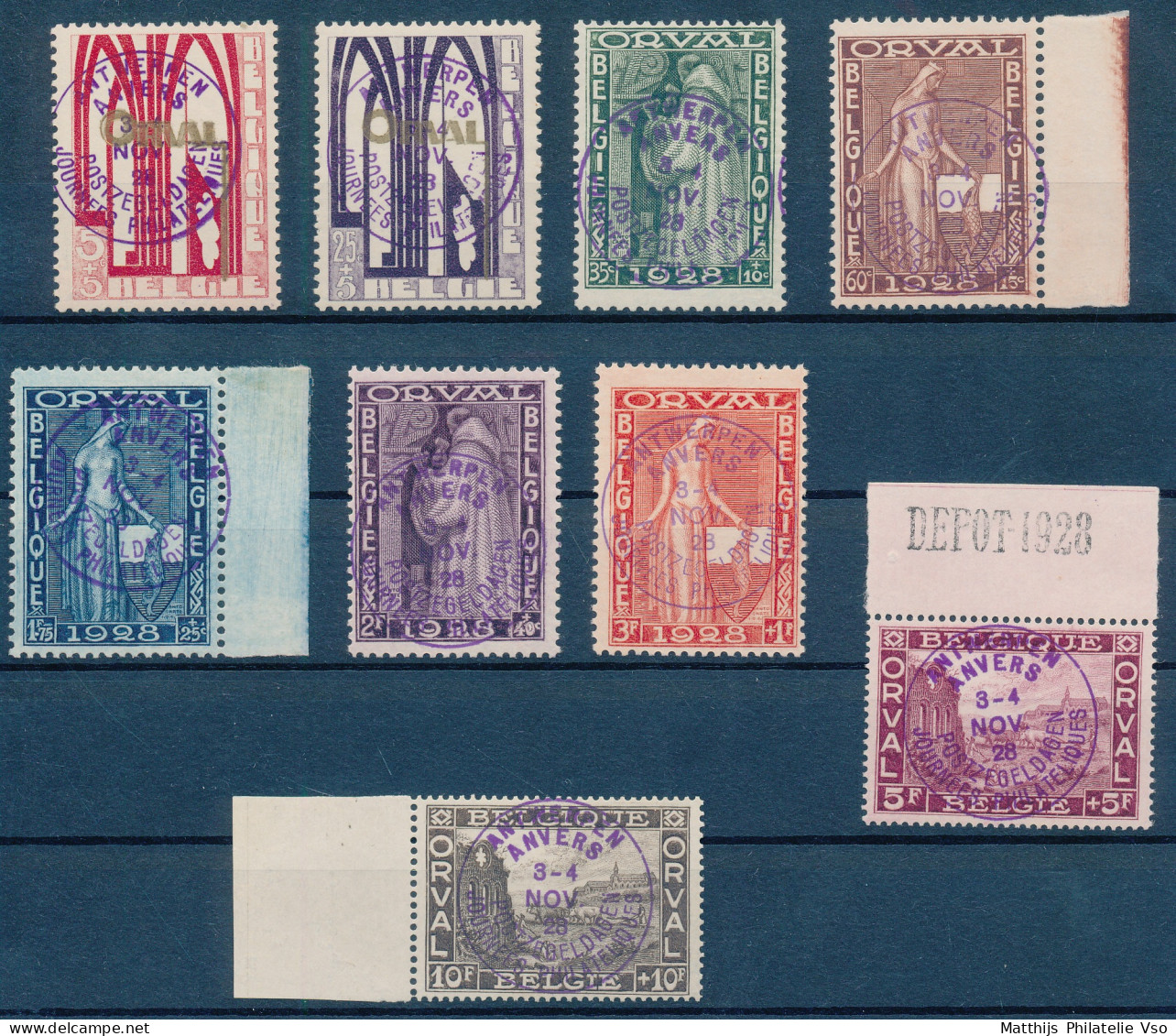 [** SUP] N° 266A/66K, Orval Avec Cachets Violet Anvers, La Série Complète Dont Nombreux Bdf Et Le 10F Avec 'DEPOT 1928'. - Unused Stamps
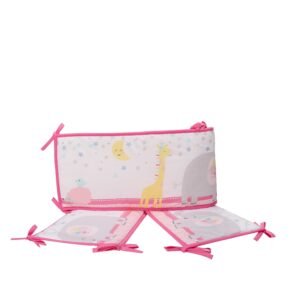 5-piece animal bedding set, pink, giraffe and elephant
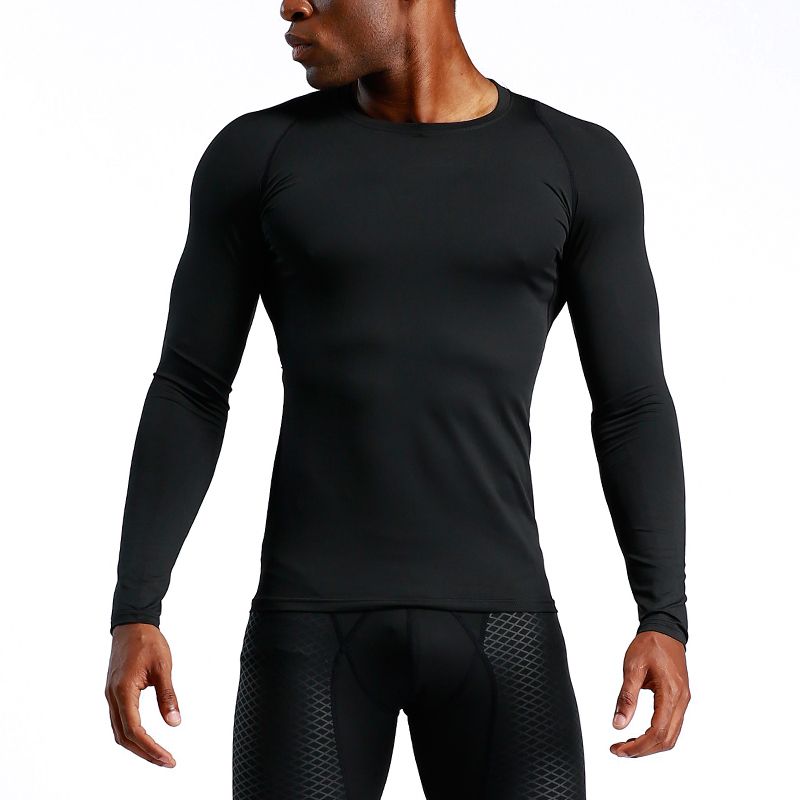 Custom Wholesale Long Sleeve Gym Wear Men's T-shirt Fitness Basketball Training Jogging Fitness Sportswear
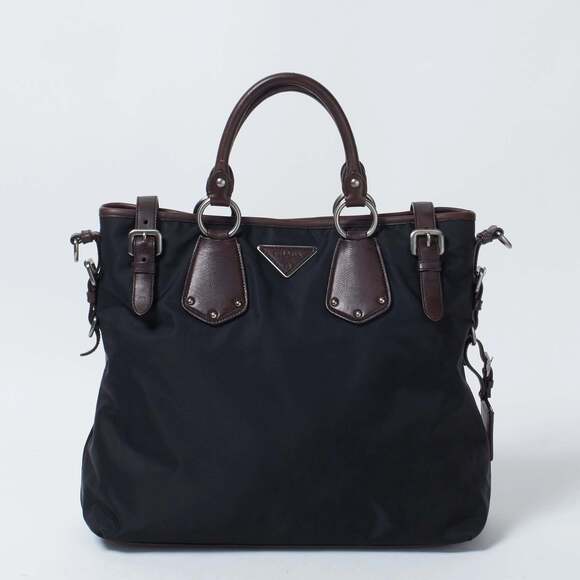 Prada Handbags - Prada Nylon Brown Leather Triangle Logo Plate Shoulder Strap Handbag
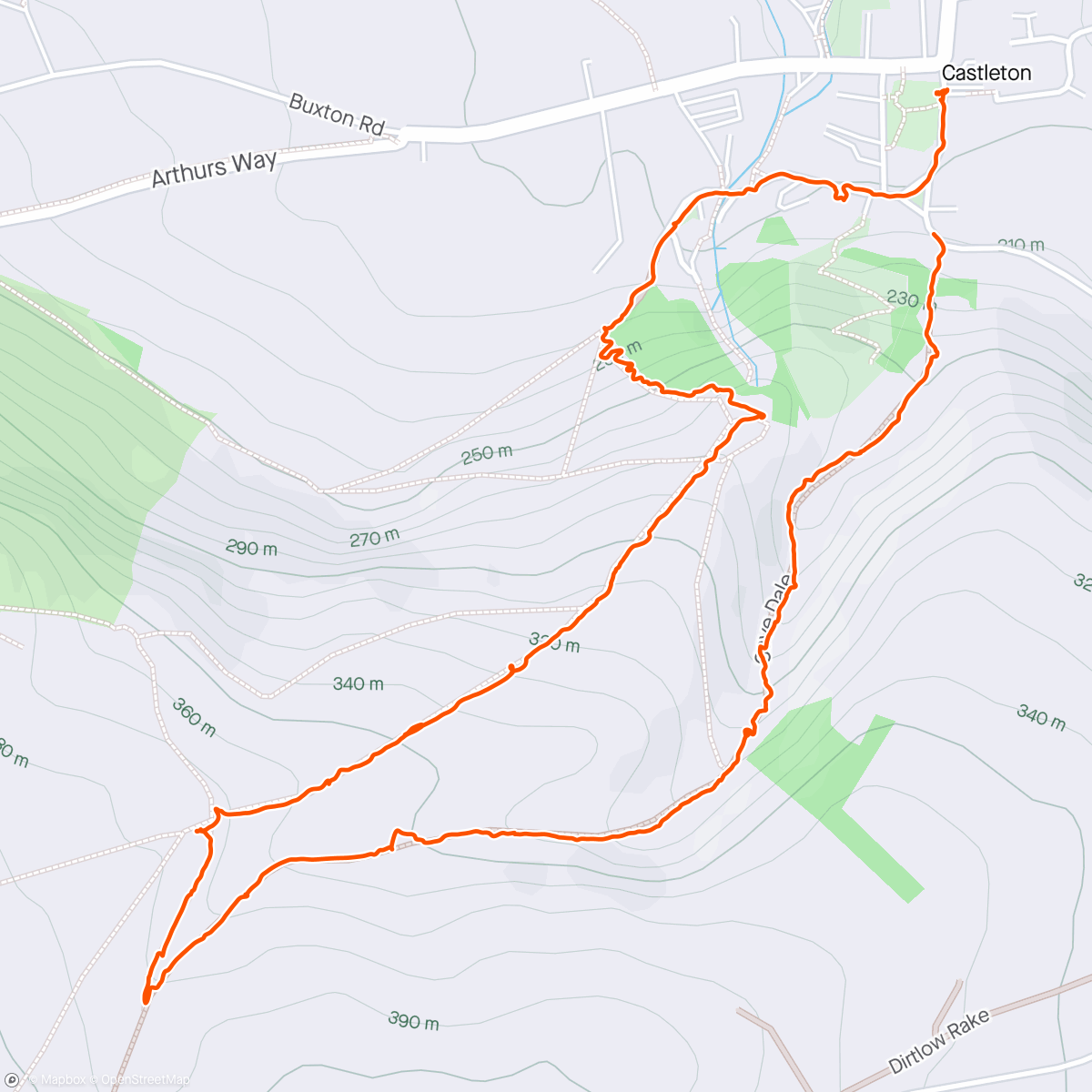 Map of the activity, Peveril castle and cave dale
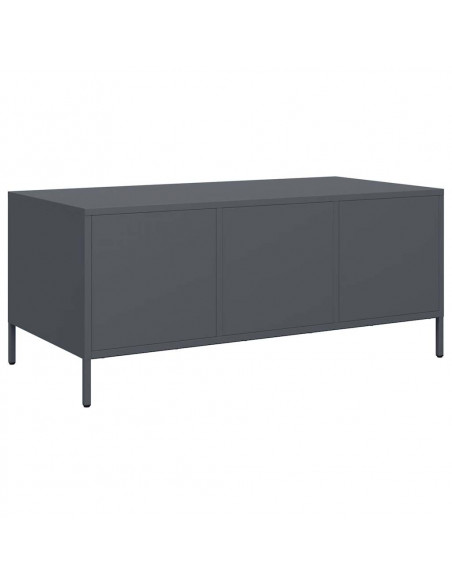 Tavolino Antracite 101,5x50x43,5cm in Acciaio Laminato a Freddo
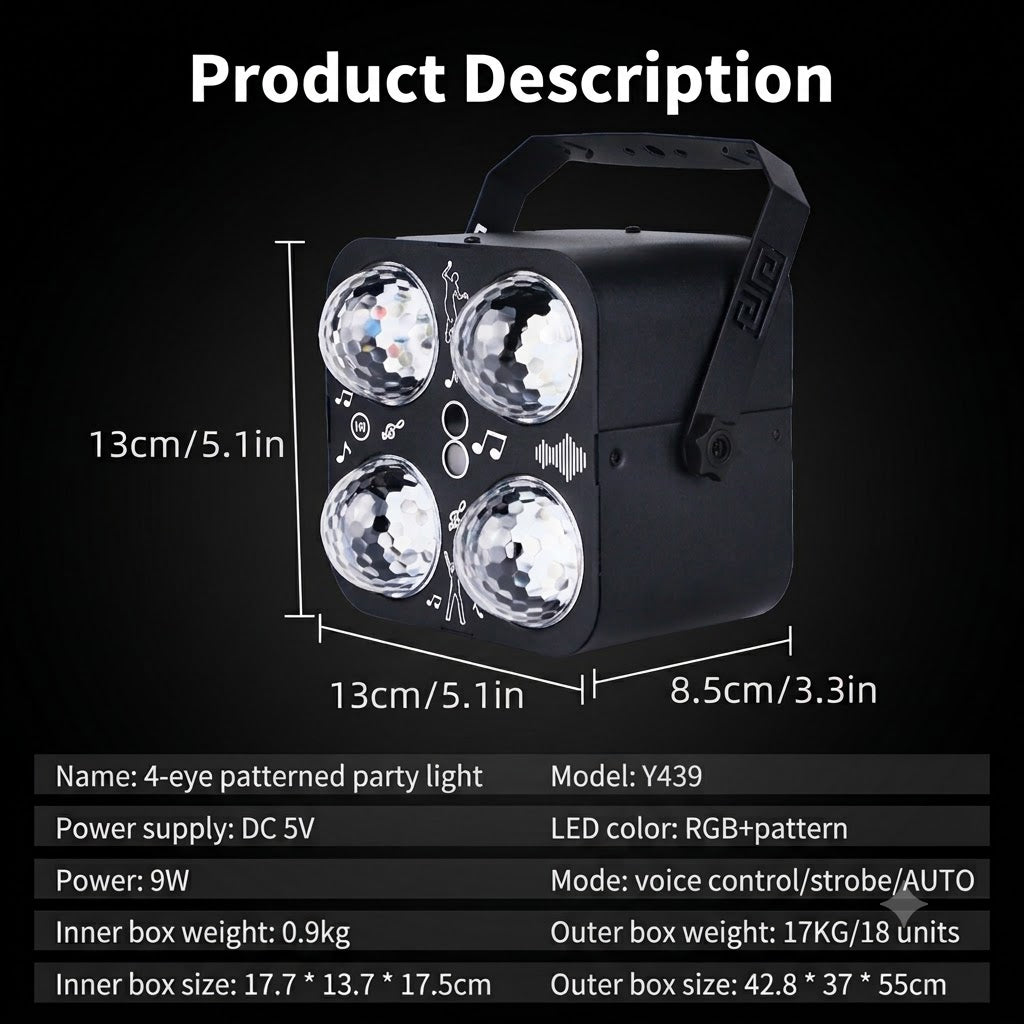 RaveLight™ 4 Magic Ball Pattern Light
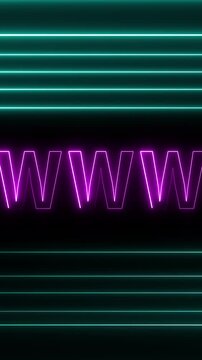 Futuristic neon tunnel animation reveals central glowing WWW web text Cyberspace internet connection powers this neon tunnel animation High speed data transmission drives the neon tunnel animation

══════════

**PROBLEM DETAILS:** Only the lines from the one containing "Custom Wholesale Long" to the end of the listing belong in the answer, exactly as they stand and with no pictures.

**SOLUTION:**
 Custom Wholesale Long Sleeve Gym Wear Men's T-shirt Fitness Basketball Training Jogging Fitness Sportswear
 Prada Handbags - Prada Nylon Brown Leather Triangle Logo Plate Shoulder Strap Handbag
 Map of the activity, Peveril castle and cave dale
 Tavolino Antracite 101,5x50x43,5cm in Acciaio Laminato a Freddo
 RaveLight™ 4 Magic Ball Pattern Light
 Futuristic neon tunnel animation reveals central glowing WWW web text Cyberspace internet connection powers this neon tunnel animation High speed data transmission drives the neon tunnel animation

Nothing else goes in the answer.